6th Julien Lieber (490 points): It was a tale of two halves for Julien Lieber. The LRT KTM rider rocketed out of the gate in February and was a contender for the red plate until the Grand Prix of Europe back in April. Lieber tweaked a knee there, then things unravelled and he never quite rediscovered the magic. The inconsistent Julien Lieber that hardcore fans are all too familiar with returned at that point, in fact, and stringing two finishes together became rather difficult. That meant that he never quite managed to claim an overall victory in MX2, which must sting a little now that he must move on with his career. Speaking of that, how peculiar is it that a rider with no 250F wins can step right into a factory seat in MXGP?
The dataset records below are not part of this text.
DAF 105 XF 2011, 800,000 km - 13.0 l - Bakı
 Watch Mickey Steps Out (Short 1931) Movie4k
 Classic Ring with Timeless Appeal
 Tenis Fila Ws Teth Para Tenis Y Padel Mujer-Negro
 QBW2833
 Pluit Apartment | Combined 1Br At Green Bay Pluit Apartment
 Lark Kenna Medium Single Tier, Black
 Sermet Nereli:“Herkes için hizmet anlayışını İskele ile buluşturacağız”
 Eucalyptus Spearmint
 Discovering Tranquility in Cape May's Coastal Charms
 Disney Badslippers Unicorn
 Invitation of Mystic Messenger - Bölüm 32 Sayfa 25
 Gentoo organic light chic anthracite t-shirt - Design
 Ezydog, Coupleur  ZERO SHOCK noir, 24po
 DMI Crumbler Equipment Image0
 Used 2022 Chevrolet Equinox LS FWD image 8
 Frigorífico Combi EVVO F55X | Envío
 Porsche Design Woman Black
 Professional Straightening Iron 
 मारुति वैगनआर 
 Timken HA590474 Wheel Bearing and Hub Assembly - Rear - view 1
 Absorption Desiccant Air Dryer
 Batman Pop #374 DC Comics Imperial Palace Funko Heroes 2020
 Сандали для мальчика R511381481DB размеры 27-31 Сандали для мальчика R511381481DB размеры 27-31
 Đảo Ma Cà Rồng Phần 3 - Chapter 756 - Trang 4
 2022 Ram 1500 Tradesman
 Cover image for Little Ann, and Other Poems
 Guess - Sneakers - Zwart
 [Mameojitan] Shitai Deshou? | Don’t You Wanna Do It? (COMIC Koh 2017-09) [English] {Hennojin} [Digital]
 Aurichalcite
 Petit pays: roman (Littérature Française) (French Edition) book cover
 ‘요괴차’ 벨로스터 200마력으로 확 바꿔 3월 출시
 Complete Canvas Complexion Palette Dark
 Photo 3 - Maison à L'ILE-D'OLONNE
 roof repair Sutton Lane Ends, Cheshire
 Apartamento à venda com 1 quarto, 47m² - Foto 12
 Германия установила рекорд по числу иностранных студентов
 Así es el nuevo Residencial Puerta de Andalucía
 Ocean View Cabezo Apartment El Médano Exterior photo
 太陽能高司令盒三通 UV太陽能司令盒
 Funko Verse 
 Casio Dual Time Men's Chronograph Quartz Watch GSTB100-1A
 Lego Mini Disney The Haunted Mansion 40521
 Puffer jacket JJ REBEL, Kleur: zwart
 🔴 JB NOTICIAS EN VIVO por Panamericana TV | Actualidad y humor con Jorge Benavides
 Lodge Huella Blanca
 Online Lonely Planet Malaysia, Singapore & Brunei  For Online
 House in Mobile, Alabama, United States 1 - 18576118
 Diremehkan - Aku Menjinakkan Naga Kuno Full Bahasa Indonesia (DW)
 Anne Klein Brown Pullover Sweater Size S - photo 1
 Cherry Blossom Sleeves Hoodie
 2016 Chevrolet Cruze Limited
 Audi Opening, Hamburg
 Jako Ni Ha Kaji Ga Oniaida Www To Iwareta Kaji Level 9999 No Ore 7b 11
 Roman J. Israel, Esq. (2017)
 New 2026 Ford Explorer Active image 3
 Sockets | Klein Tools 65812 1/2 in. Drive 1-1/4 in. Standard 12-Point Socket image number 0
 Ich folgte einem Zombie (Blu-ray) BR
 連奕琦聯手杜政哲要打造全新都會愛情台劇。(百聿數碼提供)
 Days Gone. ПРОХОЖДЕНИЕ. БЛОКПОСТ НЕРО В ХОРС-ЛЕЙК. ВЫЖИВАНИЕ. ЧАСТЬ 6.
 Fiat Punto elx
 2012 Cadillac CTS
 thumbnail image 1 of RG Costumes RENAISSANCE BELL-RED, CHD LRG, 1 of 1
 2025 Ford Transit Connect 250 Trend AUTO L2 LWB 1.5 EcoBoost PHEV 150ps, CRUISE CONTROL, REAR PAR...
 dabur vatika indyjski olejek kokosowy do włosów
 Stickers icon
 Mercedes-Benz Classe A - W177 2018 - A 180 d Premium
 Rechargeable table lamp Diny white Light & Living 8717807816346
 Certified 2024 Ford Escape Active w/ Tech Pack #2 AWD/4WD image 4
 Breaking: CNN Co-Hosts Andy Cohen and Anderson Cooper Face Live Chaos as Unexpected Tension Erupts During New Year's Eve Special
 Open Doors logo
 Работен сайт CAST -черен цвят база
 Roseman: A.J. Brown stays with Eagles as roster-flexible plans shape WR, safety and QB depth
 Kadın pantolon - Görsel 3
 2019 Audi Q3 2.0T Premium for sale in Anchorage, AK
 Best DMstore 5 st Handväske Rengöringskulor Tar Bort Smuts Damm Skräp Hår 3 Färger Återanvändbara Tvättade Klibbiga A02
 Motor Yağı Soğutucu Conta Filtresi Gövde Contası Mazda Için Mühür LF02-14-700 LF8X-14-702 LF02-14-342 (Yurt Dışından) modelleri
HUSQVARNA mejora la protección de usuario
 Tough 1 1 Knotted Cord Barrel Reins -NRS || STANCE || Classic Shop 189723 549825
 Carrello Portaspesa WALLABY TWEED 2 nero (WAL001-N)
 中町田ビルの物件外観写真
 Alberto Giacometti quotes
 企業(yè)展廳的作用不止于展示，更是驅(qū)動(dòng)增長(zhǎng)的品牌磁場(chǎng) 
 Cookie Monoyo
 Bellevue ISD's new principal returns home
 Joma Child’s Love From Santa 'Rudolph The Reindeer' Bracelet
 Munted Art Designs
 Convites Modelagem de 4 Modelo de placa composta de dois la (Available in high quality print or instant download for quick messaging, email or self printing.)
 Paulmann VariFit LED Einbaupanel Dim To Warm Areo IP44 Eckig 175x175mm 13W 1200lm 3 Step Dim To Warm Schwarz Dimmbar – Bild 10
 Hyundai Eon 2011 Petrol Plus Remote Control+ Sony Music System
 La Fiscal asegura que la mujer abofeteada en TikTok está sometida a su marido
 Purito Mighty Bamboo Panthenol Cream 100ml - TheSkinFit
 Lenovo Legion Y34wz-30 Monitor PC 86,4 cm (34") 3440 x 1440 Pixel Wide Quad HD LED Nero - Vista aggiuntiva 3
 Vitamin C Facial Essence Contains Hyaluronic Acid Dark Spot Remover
7th Jorge Prado (460 points): Progress is all that can be expected of a rookie in the FIM Motocross World Championship, one may argue, so Jorge Prado had a successful term. There were obviously hurdles, such as the issues that he encountered in the heat, but that really should not be too difficult to overcome. Once you erase those humid rounds from the calendar, his scorecard begins to look quite impressive. The final six rounds were particularly strong and set him up well heading into the new season. Now that Prado knows how to maintain the pace of the leader for a thirty-minute moto, there is no reason to think that he will not win more races than anyone else next year. A bold claim that is really not too far-fetched.
8th Brian Bogers (407 points): This one had most scratching their heads. Although it would have been quite a stretch for Brian Bogers to win the title, he was at least included in those discussions ten months ago. There was no point where Bogers really shone this year though, aside from that Russian event that was obviously an anomaly, as he landed in the top five in just six motos this season. That is just baffling! To put this ranking into perspective, he did not even compete in three of the rounds last year and still finished sixth in the final standings. Bogers was clearly capable of so much more.
9th Hunter Lawrence (395 points): Hunter Lawrence may receive more exposure than anyone entering the FIM Motocross World Championship next year, as he climbed up through the rankings this year and is now a formidable contender. Following an inconsistent start, where he struggled to put two motos together, he turned it around and really made his mark on the class. The fact that his RM-Z250 was not the most competitive machine was referenced at points, so that makes his showings even more impressive. It is also worth remembering that he missed two rounds with what could have been an extremely serious injury. The fact that he won a moto at the final event of the season will only aid his charge next year, as he has removed that monkey from his back.
10th Brent Van Doninck (305 points): What should one expect of Brent Van Doninck? When he first launched into the MX2 class, he showed some flashes of brilliance and even landed on the podium in The Netherlands. The Kemea Yamaha Yamalube rider, who will be moving onto pastures new next year, could not be further from that now though. The fact that he has regressed is cause for concern, right? That potential must still be buried within him somewhere though, so it will be interesting to see if a change of scenery reinvigorates him. A ranking of tenth this year could just be considered okay, especially when the gap to Hunter Lawrence in ninth is taken into account.